That is why Adam named his wife Eve (v. 20). Eve means “life” or “life giver,” and Adam named her Eve because of the promise of God to send a life-giving Savior through her. It was Adam’s way of saying that, although he had disbelieved and disobeyed God earlier, he wanted to believe him now. He was willing to stake his spiritual destiny on this first, unembellished promise of a Savior.
God saved our first parents. That is, God justified them on the basis of what Jesus was to do (they looked forward to it), just as God justifies us through faith in what Jesus has done (we look back).

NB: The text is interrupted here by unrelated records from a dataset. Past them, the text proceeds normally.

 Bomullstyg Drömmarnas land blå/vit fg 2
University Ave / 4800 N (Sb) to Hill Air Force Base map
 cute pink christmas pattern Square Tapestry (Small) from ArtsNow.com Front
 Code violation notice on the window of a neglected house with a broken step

Adam and Eve could not absorb all the details of that atonement, which was yet to come. So God taught them by means of a dramatic illustration. At the end of the story, in verse 21, we are told that after Adam and Eve had believed God, “The Lord God made garments of skin for Adam and his wife and clothed them.” In order to make clothes of skin, God had to kill animals. It was the first death Adam and Eve had witnessed, as far as we know. It must have seemed horrible to them and have made an indelible impression. “So this is what death is; this is what sin causes,” they must have exclaimed.
But even more important, the death of the animals must have taught them the principle of substitution, the innocent dying for the guilty, just as the innocent Son of God would one day die for the sins of those God was giving to him. When God clothed our first parents in the animals’ skins, Adam and Eve must have had at least a first faint glimmer of the doctrine of imputed righteousness. Later in the Bible we read of our being clothed in Christ’s righteousness (cf. Gal. 3:27), and Jesus himself suggested the idea when he referred to the wedding garments worn by those invited to the great marriage supper of the Lamb (cf. Matt 22:11, 12). God saved Adam and Eve from their sins by clothing them in the heavenly righteousness of Jesus Christ, which he symbolized by their being clothed with skins of animals.

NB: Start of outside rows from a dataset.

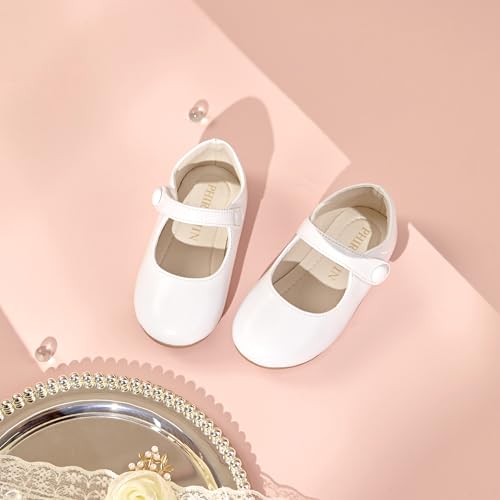 Image of PHIRAMIN Toddler Flower Girl Glitter Dress Shoes Little Girl Ballet Flats Bow Wedding Party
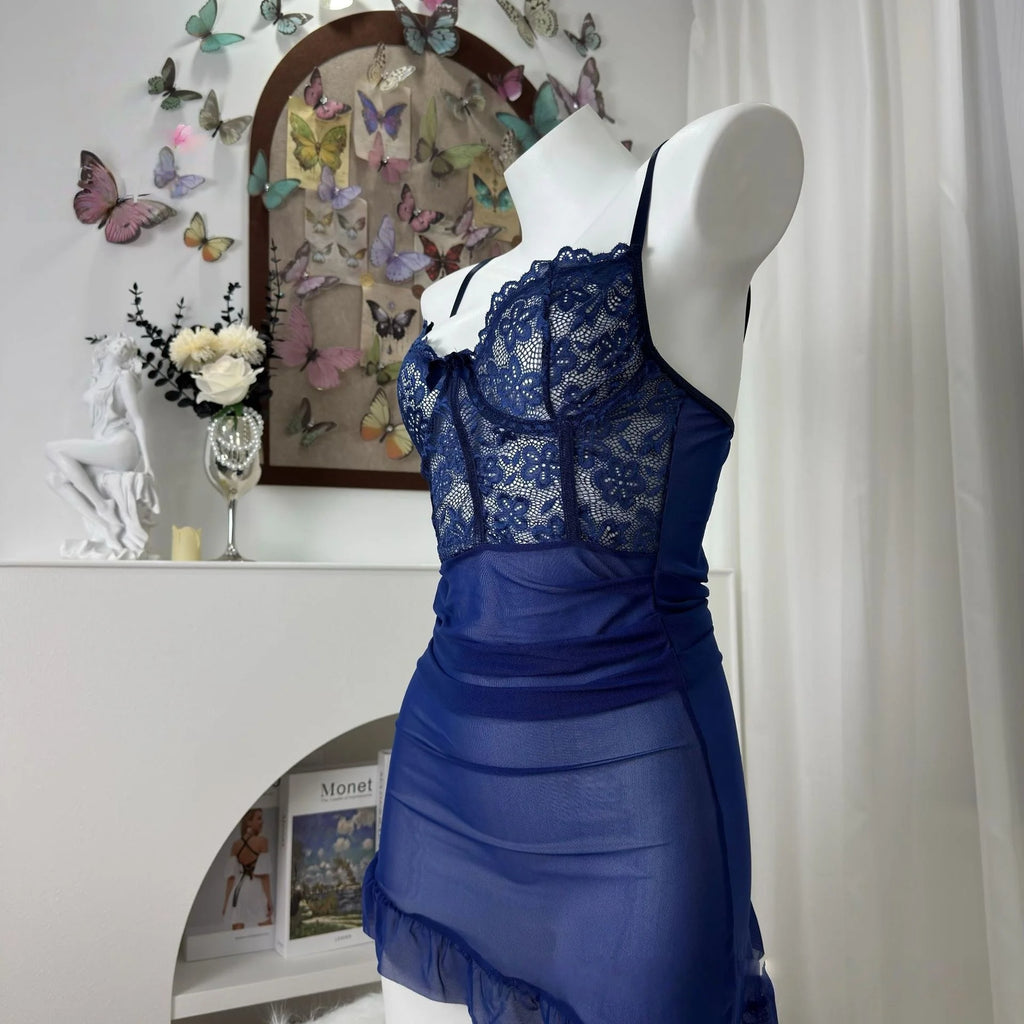 Deep Navy Corset-Style Sheer Mesh Chemise with Floral Lace Bodice
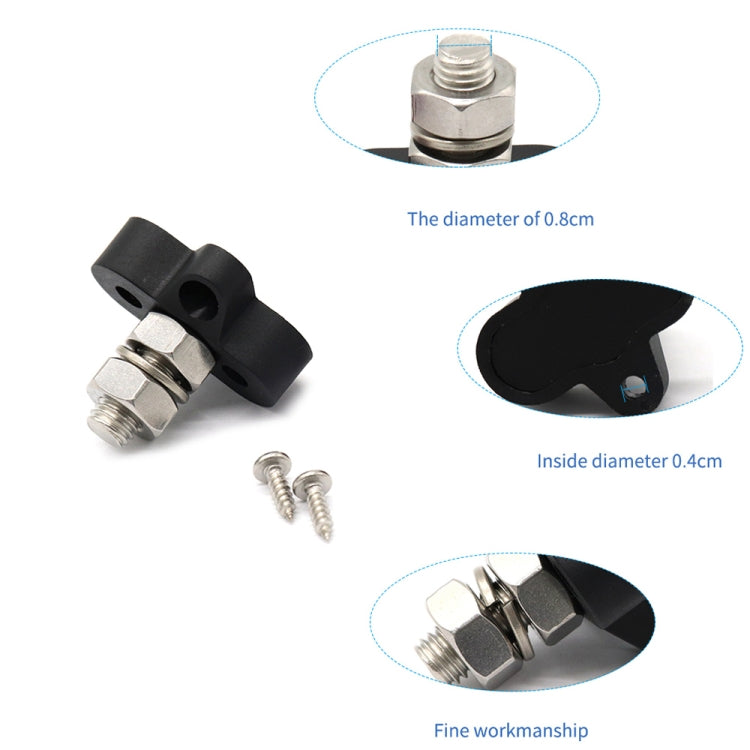 Single Heavy-Duty Terminal Studs สีดำ M10 Bus Bar สำหรับรถยนต์/RV/เรือ, M10 Black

Surprising? It must have been mind-boggling to Adam and Eve. The grace of God is always mind-boggling to those who experience it. Adam and Eve expected to die. Instead they found life. They must have expected an immediate execution of God’s sentence without appeal and without any hope of God’s mercy. Instead, they received a promise of a Savior to come and were brought from a state of condemnation to a state of justification by believing in him.

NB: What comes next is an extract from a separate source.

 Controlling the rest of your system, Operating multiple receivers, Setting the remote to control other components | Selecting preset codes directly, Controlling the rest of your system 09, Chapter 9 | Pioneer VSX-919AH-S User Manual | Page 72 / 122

It has always been like this. Do you remember Thomas? He was the doubting disciple, the one who said that he would not believe in Jesus’ resurrection unless he should see the wounds in Christ’s hands and be able to thrust his hand into the wound in Christ’s side. Why should Thomas have been saved? After all, his cynical words expressed utter disbelief, not faith. Yet even Thomas was surprised by grace when Jesus, instead of condemning him or abandoning him, appeared to him and invited him to perform his empirical test. But instead of doing it, instead of putting his finger or hand in Christ’s wounds, Thomas was overwhelmed by grace and fell at Jesus’ feet, exclaiming, “My Lord and my God!” (John 20:28).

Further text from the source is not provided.